Herd Immunity leads to falling HPV prevalence in unvaccinated men


Amidst the raging controversy in the United States regarding vaccines, the HPV vaccine has received quite a bit of attention. Some public health officials (and pharmaceutical companies) would like the vaccine to be mandatory, but since the recommended age is pre-teen, some parents fear this sends a bad message about sexual activity in an already over-sexualized culture.

Both sides make flawed arguments. The bottom line is the vaccine prevents cancer.

Human papillomavirus is definitely troublesome. It causes 99% of cervical cancers in women, and it is also behind an increase in head and neck cancers, mostly in younger white people (i.e., those in their 40s and 50s). While this is certainly a public health concern, HPV poses nothing like the risk that measles, diphtheria, or whooping cough do. And the vast majority of people who become infected with HPV, even the high-risk strains, do not go on to develop cancer.

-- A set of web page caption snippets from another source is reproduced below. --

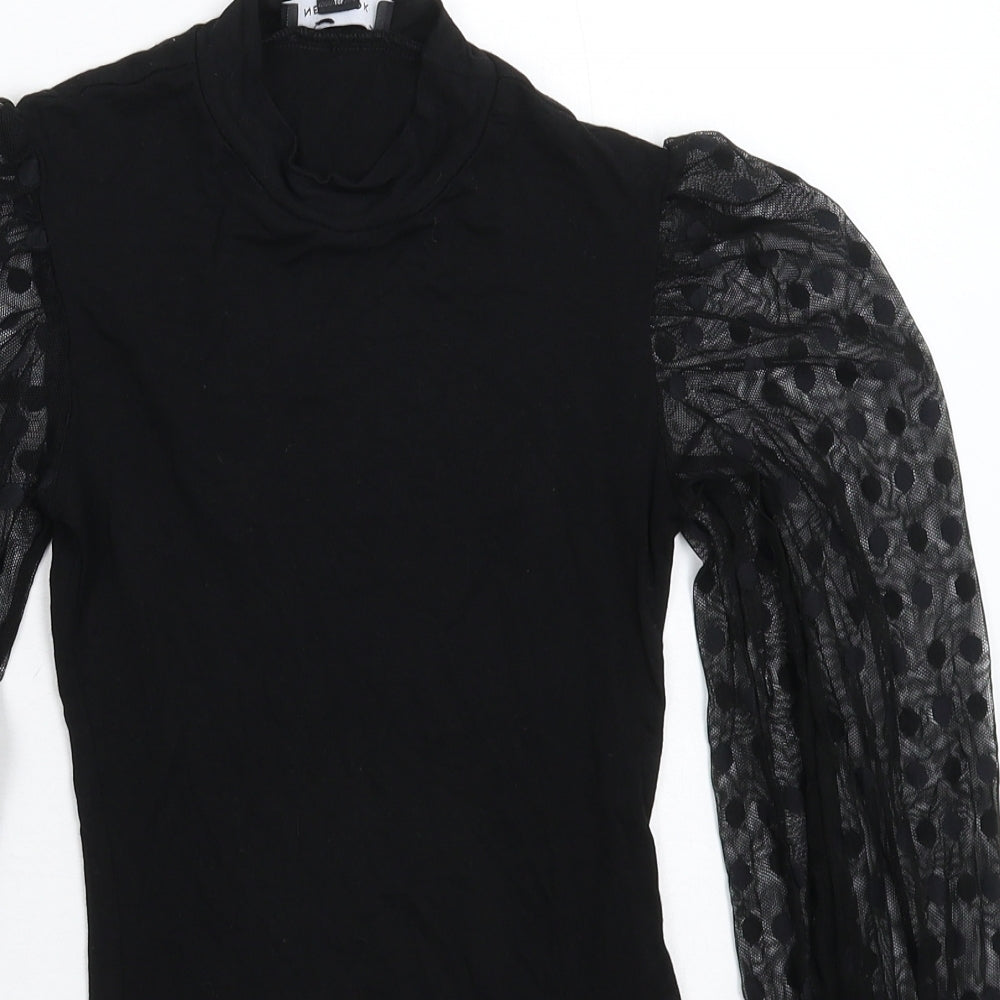 New Look Womens Black   Basic Blouse Size 6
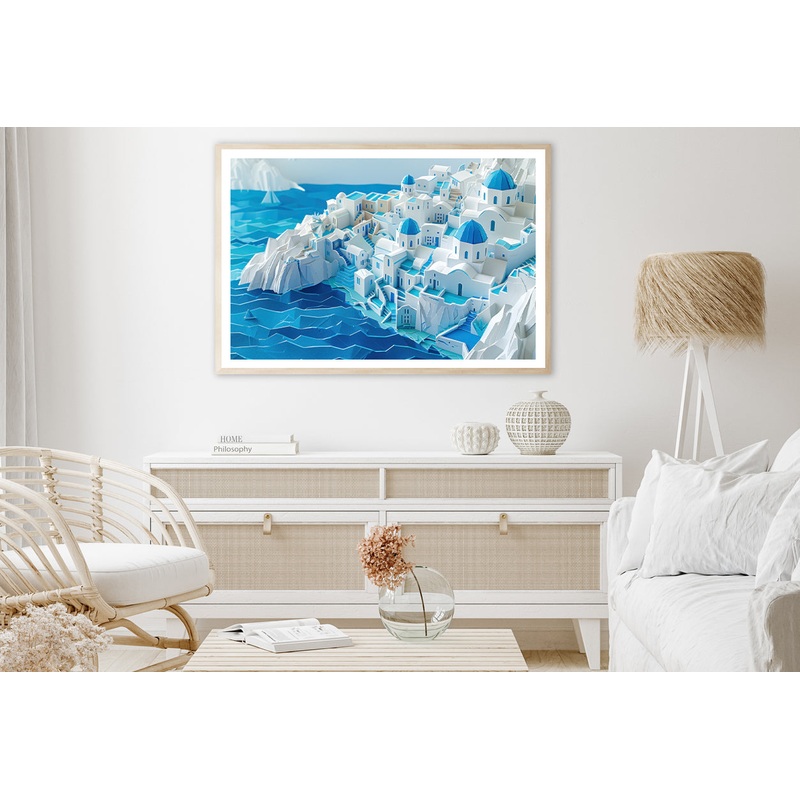Water, Ice and Snow Origami Paper Home Decor Premium Quality Poster Print Choose Your Sizes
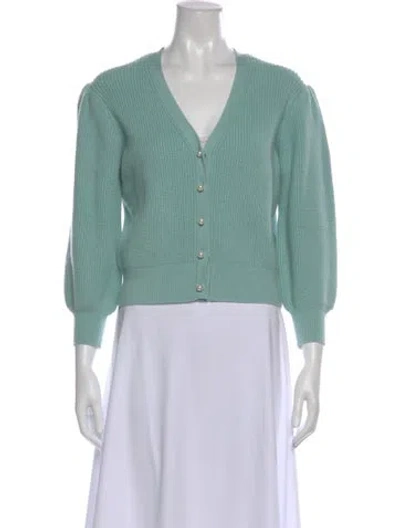 Pre-owned Maje V-neck Sweater In Blue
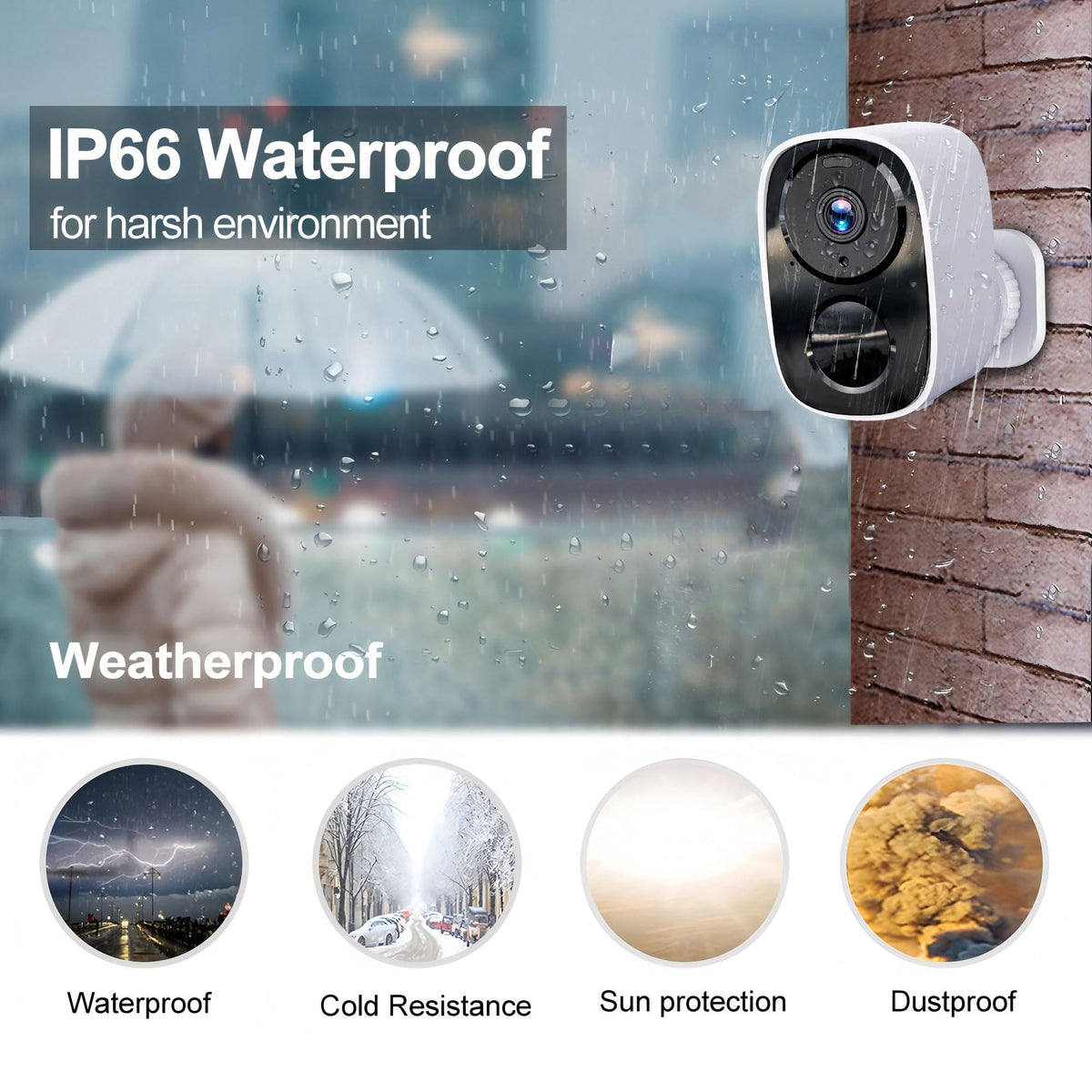 2026 Upgraded 2K Security Cameras Wireless Outdoor, Free Cloud Storage, 1-6 Months Battery Life, Waterproof, 2-Way Talk, AI Motion Detection Spotlight Siren Alarm Cameras for Home Security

Human Papilloma Virus - a sexually transmitted virus that causes genital warts or even cancer. Image Courtesy : Wikimedia Commons
Human Papilloma Virus – a sexually transmitted virus that causes genital warts or even cancer. Image Courtesy : Wikimedia Commons

Nevertheless, new statistics coming up from Australia gives us the supporters reasons to rejoice.

Men who are unvaccinated for HPV are receiving protective benefits from the women who are vaccinated. In other words, this is a prime example of herd immunity in action.

Australia’s HPV Vaccination Program

Australia initiated its free HPV vaccination program in 2007. At the beginning only females aged 12 -26 were vaccinated and later in 2013, boys were included as well. The vaccine was targeted against HPV-16 and HPV-18, both “high-risk” strains that cause cancer, as well as HPV-6 and HPV-11 which cause genital warts.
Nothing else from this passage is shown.